Shibboleth Identity Provider And User Privacy
CESNET technical report 17/2010
Ivan Novakov
Received 1. 12. 2010
Abstract
This report deals with several topics concerning user data privacy in Shibboleth Identity Provider. It describes the functionality of SAML name identifiers and their implementation in Shibboleth, explains attribute release policies configuration and brings some best practices about creating them.
Keywords: Shibboleth, IDP, SAML, privacy, attributes, attribute release policy, name identifiers
1 Introduction
The identity provider is an entity that provides user authentication and user data to applications and resources that require it. This process is executed in a federated environment, a single sign-on system or any other case of distributed authentication and authorization infrastructure. In any case that means, that some information about the user is given away to other entities outside the user’s home organisation. That is why it is so important that the identity provider is configured properly and has control over what information is released, to whom it is released and under what conditions user data are provided.
For example, if an identity provider is a part of a federation with well defined policies, there is a certain level of assurance about how service providers treat user data coming from the identity providers. In that case the identity provider relies on the inter-organisational agreements associated with the federation and knows what user data is safe to release.
The same identity provider may become a member of another federation or take part in a bilateral agreement with a third party service provider. The new agreements bring also different level of assurance, so the identity provider should revise its release policies accordingly to protect user data.

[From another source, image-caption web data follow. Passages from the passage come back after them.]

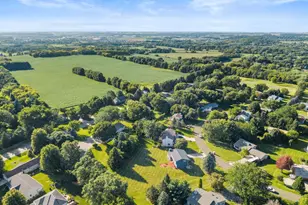 6043 Hagen Hill Cir, Madison, WI 53718 - Photo 48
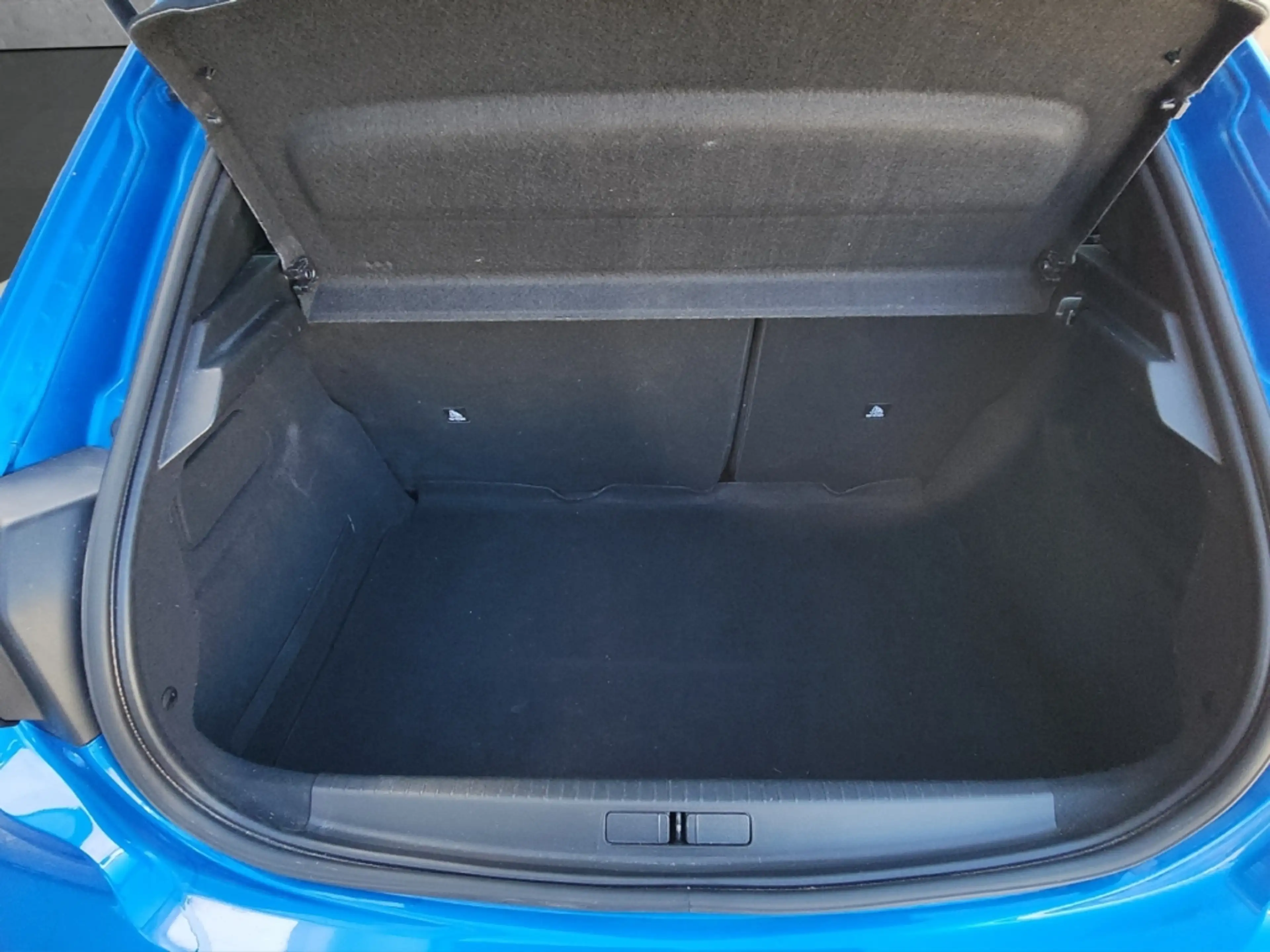 Peugeot 208 e- Allure 136 LED CarPlay Sitzhz. OBC 11kW 3-phas — photo 7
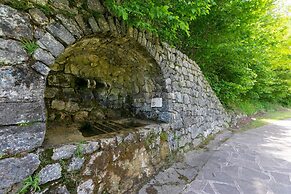 Casa Tra Borgo e Lago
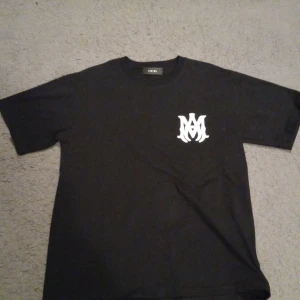 Svart t-shirt från Amiri - svart t-shirt från Amiri 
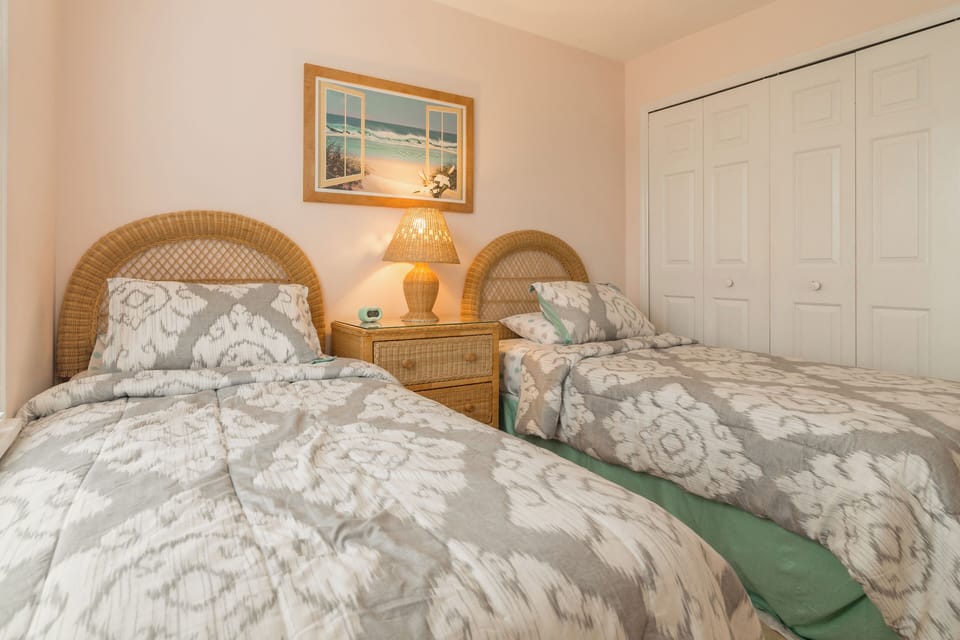 Twin Bedroom
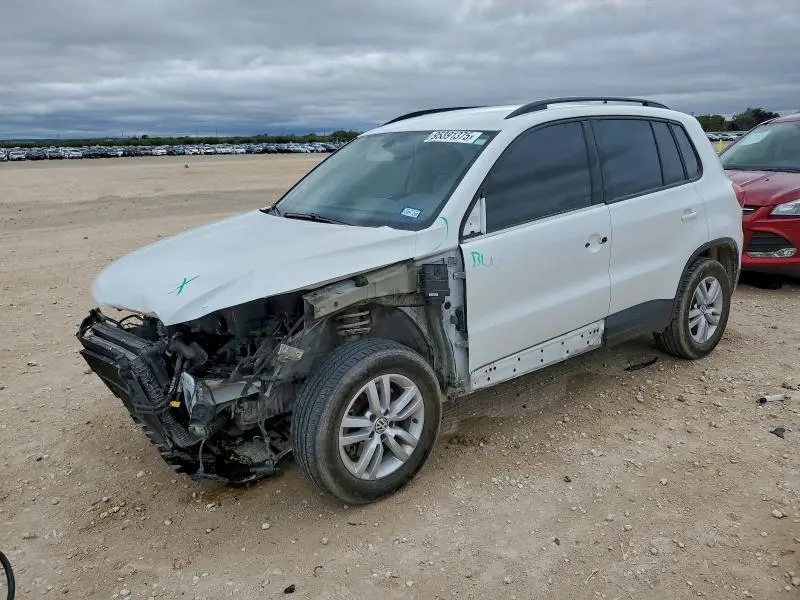 WVGAV7AX8HW513026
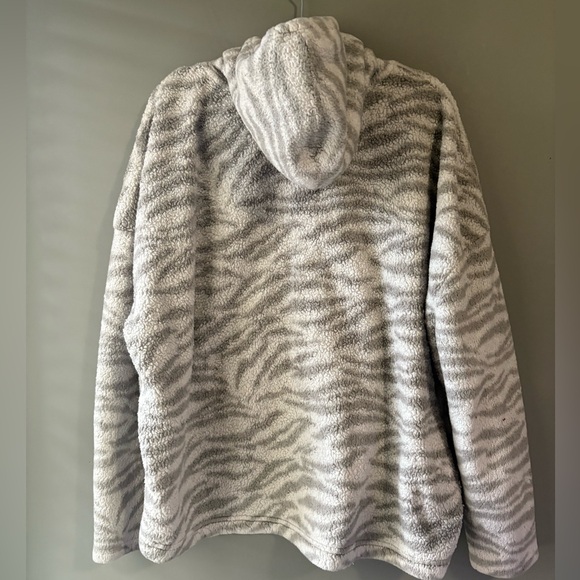George XXL printed sherpa hoodie featuring a zebra print and a quarter-zip - Picture 5 of 7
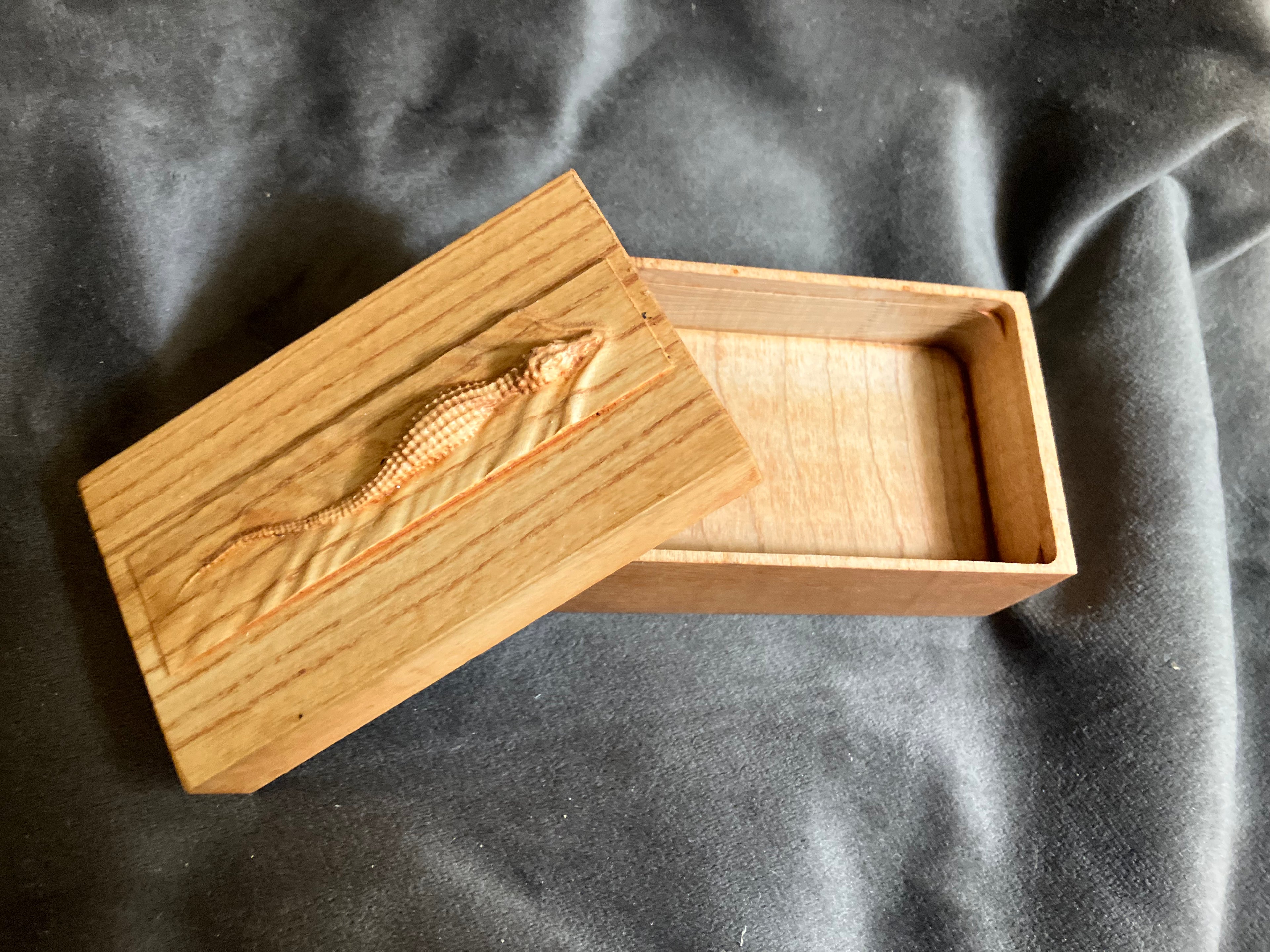 Tiny Oak Box with Alligator carved lid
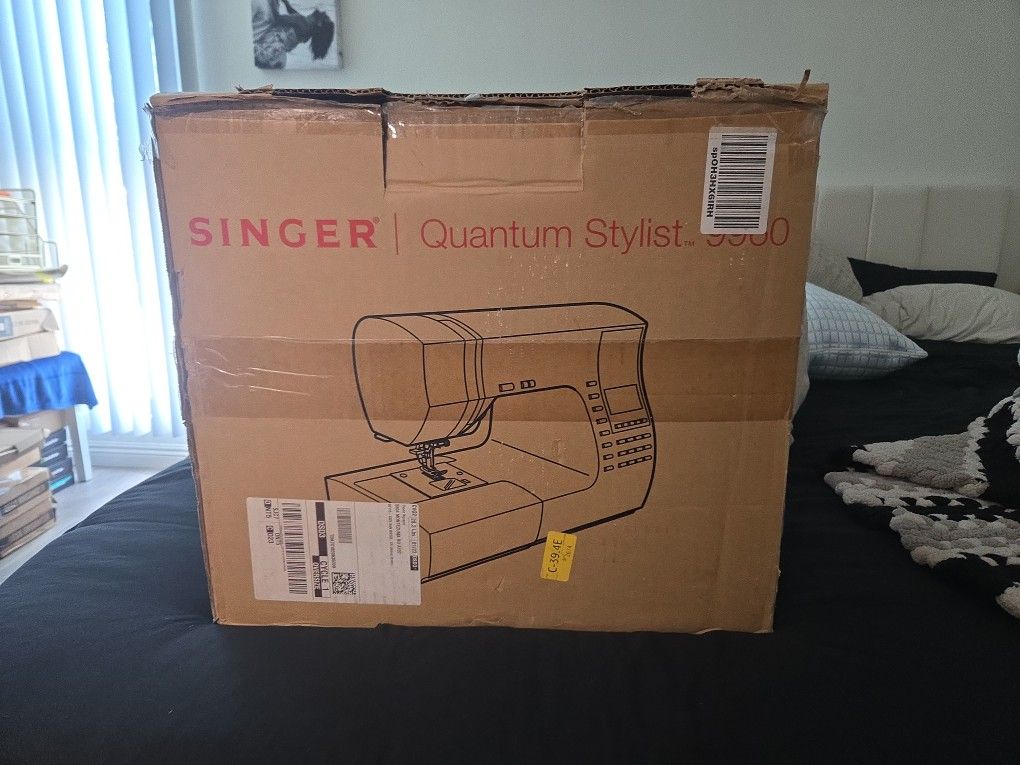 Singer Quantum Stylist 9960 Sewing Machine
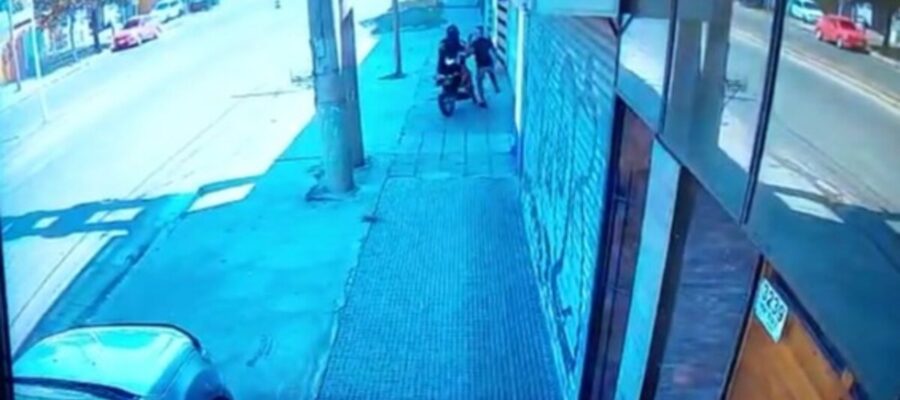 VIDEO Un policía de civil fue baleado por "motochorros" en Merlo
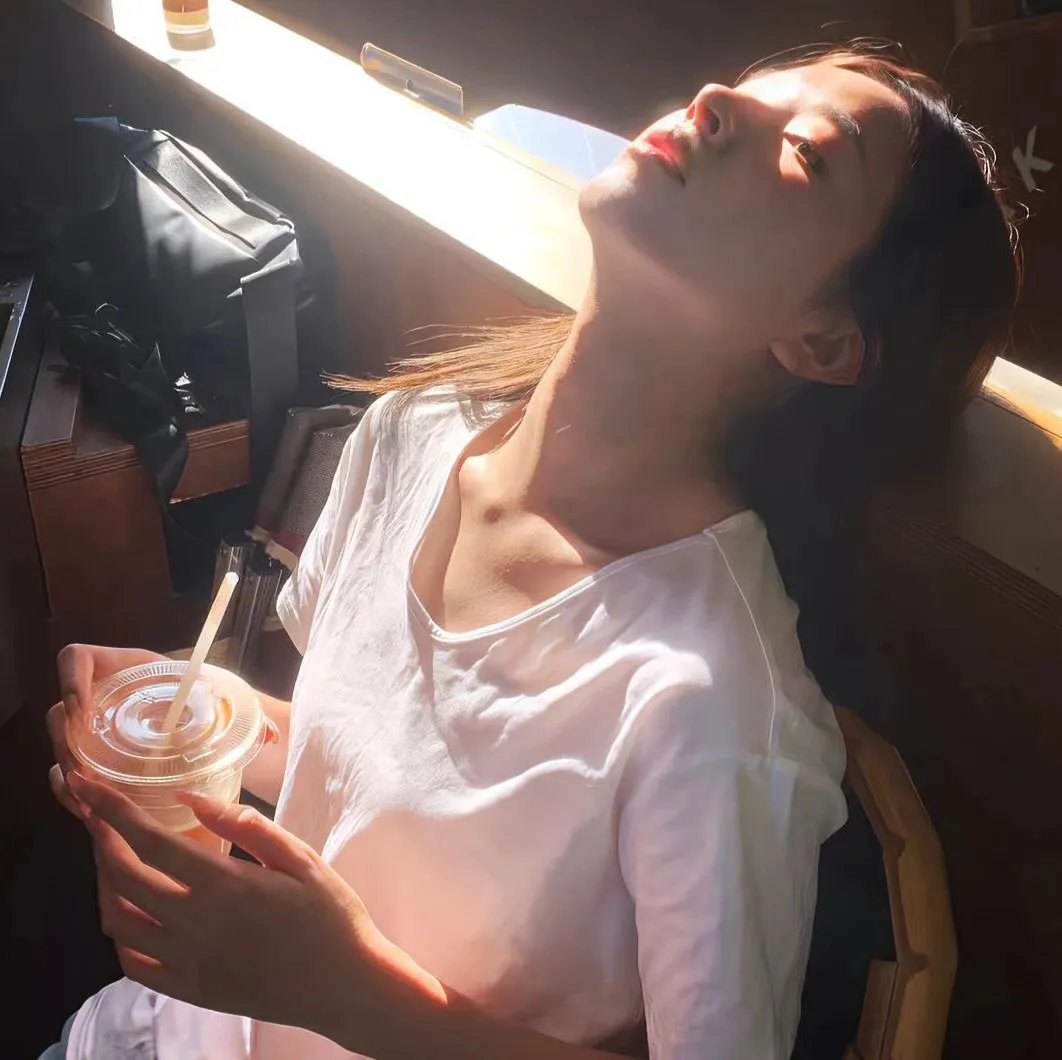 蜂蜜与四叶草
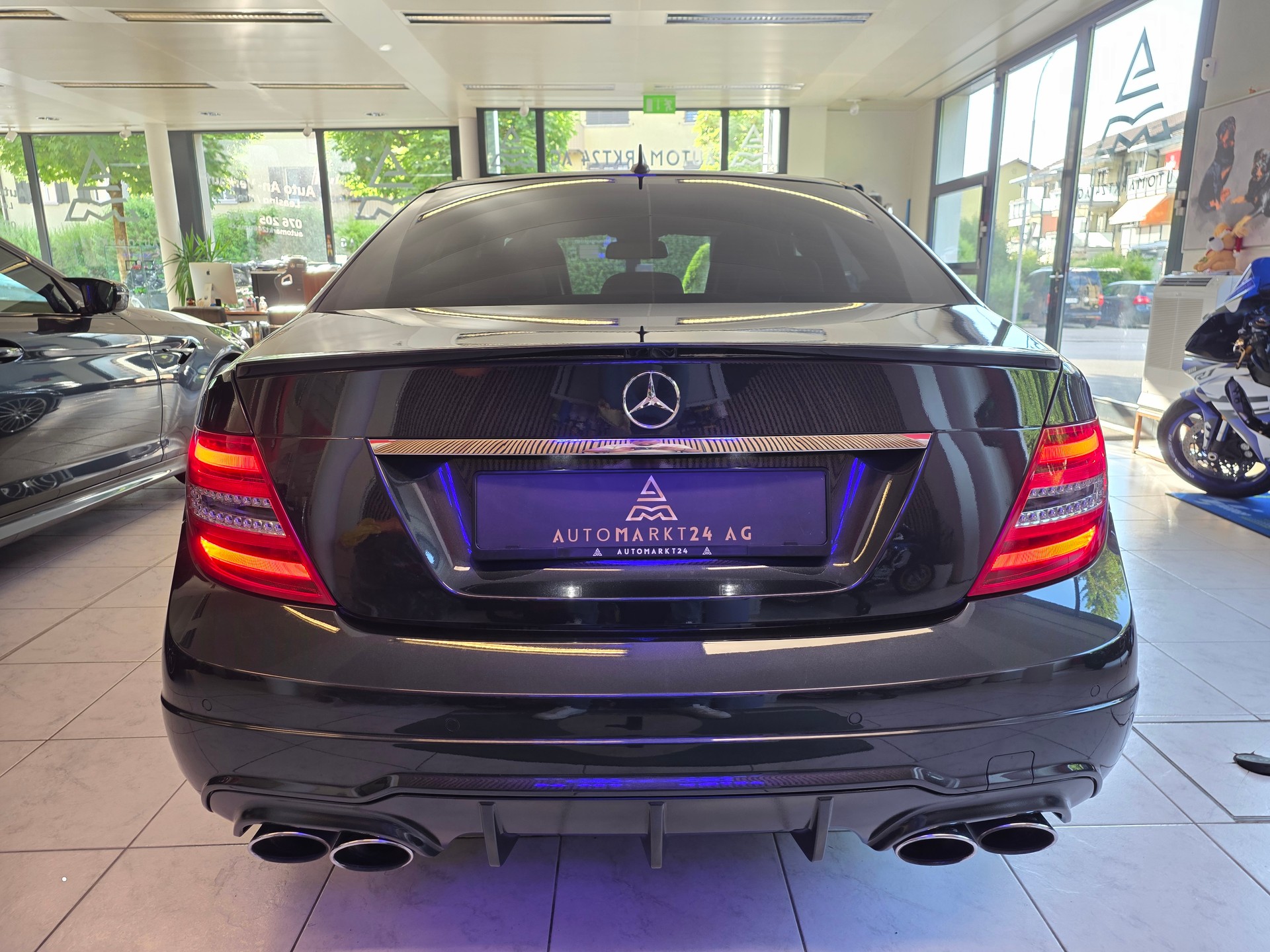 MERCEDES-BENZ C 63 V8 AMG ''Designo Interieur'' !EINZIGARTIG!-image-14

The article covers several topics concerning user data privacy in Shibboleth Identity Provider. It describes the functionality of SAML name identifiers and their implementation in Shibboleth, explains attribute release policies configuration and brings some best practices about creating them.
The following “constants” are used in the article:
IDP_SRC- the directory where the Shibboleth Identity Provider sources are locatedIDP_HOME- the directory where Shibboleth Identity Provider is installed
2 User Identity
2.1 Digital identity
User identity is generally a piece of information that allows a user to be identified in a given scope. It can be a name, an email, a driver’s license number, fingerprints etc. A user may have various pieces of personally identifiable information [1] associated with him. They are usually referred as user attributes.
User identity fundamentally requires a user identifier - an attribute which is unique in a given scope [2] – a domain, community, application, federation, etc. Such identifier allows the user to be unambiguously identified in the given scope.
2.2 SAML Name Identifiers
In SAML [3] such identifier is referred as a name identifier and is used to identify the person the IdP has issued an assertion about [4]. Name identifiers come in different formats, which have different characteristics. All formats have a scope property, that defines which IdP provides the identifier.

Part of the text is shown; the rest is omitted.